Carbohydrate absorption: Monosaccharides (glucose, galactose, fructose) are absorbed by enterocytes. - Glucose and galactose enter via SGLT1 (sodium-glucose co-transporter 1) — an active process that uses the Na⁺ gradient (maintained by Na⁺/K⁺-ATPase on the basolateral side) to bring glucose in against its concentration gradient. Then exit via GLUT2 on the basolateral side into the portal blood. - Fructose enters passively via GLUT5 and exits via GLUT2 Amino acid absorption: Multiple specific transporters (by amino acid type) co-transport amino acids with Na⁺ — similar to glucose. Dipeptides and tripeptides can also enter via PepT1 (a H⁺-peptide co-transporter) and are hydrolysed inside the enterocyte. Fat absorption — the most complex process: 1. Bile salts emulsify fat → small droplets 2. Pancreatic lipase (with colipase) cleaves triglycerides → 2 fatty acids + 1 monoglyceride 3. Fatty acids + monoglycerides are incorporated into micelles (tiny spherical structures stabilised by bile salts) for transport to the brush border 4. At the membrane, fatty acids and monoglycerides diffuse passively into enterocytes (being fat-soluble) 5. Inside the enterocyte, they are reassembled into triglycerides in the smooth ER 6. Triglycerides are packaged with cholesterol, phospholipids, and apolipoprotein B-48 into chylomicrons — large lipoprotein particles 7. Chylomicrons are secreted into lacteals (lymphatic vessels in each villus), not directly into blood. They travel via the thoracic duct and enter the bloodstream at the subclavian vein. This is why dietary fat appears as milky white lymph (chyle) in the lacteals after a fatty meal — and why fat absorption is disrupted by fat-soluble vitamin deficiencies (A, D, E, K all travel with dietary fat in chylomicrons). Vitamin B12 absorption (unique): Requires intrinsic factor (IF) — a glycoprotein secreted by gastric parietal cells. IF binds B12 in the stomach; the B12-IF complex is absorbed in the terminal ileum via specific receptors. This is why ileal disease (Crohn's disease) or terminal ileum resection causes B12 deficiency, and why pernicious anaemia (no IF) requires injectable B12.

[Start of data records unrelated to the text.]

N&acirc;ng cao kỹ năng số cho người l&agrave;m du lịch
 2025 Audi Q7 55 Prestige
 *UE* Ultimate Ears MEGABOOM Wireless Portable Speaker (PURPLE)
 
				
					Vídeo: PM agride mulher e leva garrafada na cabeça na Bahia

Digestion is not a simple mechanical process — it is precisely orchestrated by a family of gut hormones that coordinate the activities of the stomach, pancreas, gallbladder, and small intestine. Gastrin: - Secreted by: G cells in the stomach antrum - Trigger: peptides in stomach, stomach distension, vagal stimulation - Actions: stimulates parietal cells to secrete HCl; promotes gastric motility; trophic (growth-promoting) effect on gastric mucosa - Clinical: Zollinger-Ellison syndrome — a gastrin-secreting tumour (gastrinoma) causes massively elevated gastrin → uncontrolled HCl hypersecretion → multiple peptic ulcers in unusual locations (jejunum), diarrhoea, oesophageal damage. Treated with high-dose PPIs and surgical removal. Secretin: - Secreted by: S cells in the duodenum - Trigger: acid (low pH) arriving from the stomach - Actions: stimulates pancreas to secrete bicarbonate-rich fluid (to neutralise acid); inhibits gastric acid secretion; stimulates bile flow Cholecystokinin (CCK): - Secreted by: I cells in the duodenum and jejunum - Trigger: fat and protein in the duodenum - Actions: stimulates pancreatic enzyme secretion; causes gallbladder contraction → bile release into duodenum; relaxes sphincter of Oddi; slows gastric emptying; induces satiety (feeling full) - Clinical: gallstones can block the common bile duct → CCK triggers gallbladder contraction → severe right upper quadrant pain (biliary colic). No bile enters duodenum → fat malabsorption → pale fatty stools (steatorrhoea), fat-soluble vitamin deficiencies. GLP-1 (Glucagon-Like Peptide-1): - Secreted by: L cells in the ileum and colon - Trigger: nutrients (especially carbohydrates) reaching the distal gut - Actions: stimulates insulin secretion (incretin effect); suppresses glucagon; slows gastric emptying (reduces post-meal glucose spike); reduces appetite - Clinical: GLP-1 receptor agonists (semaglutide/Ozempic, liraglutide) mimic GLP-1 → used for Type 2 diabetes AND obesity. Semaglutide causes ~15% body weight loss in trials — one of the most effective obesity treatments ever discovered. They work by slowing gastric emptying, reducing appetite, and enhancing insulin release.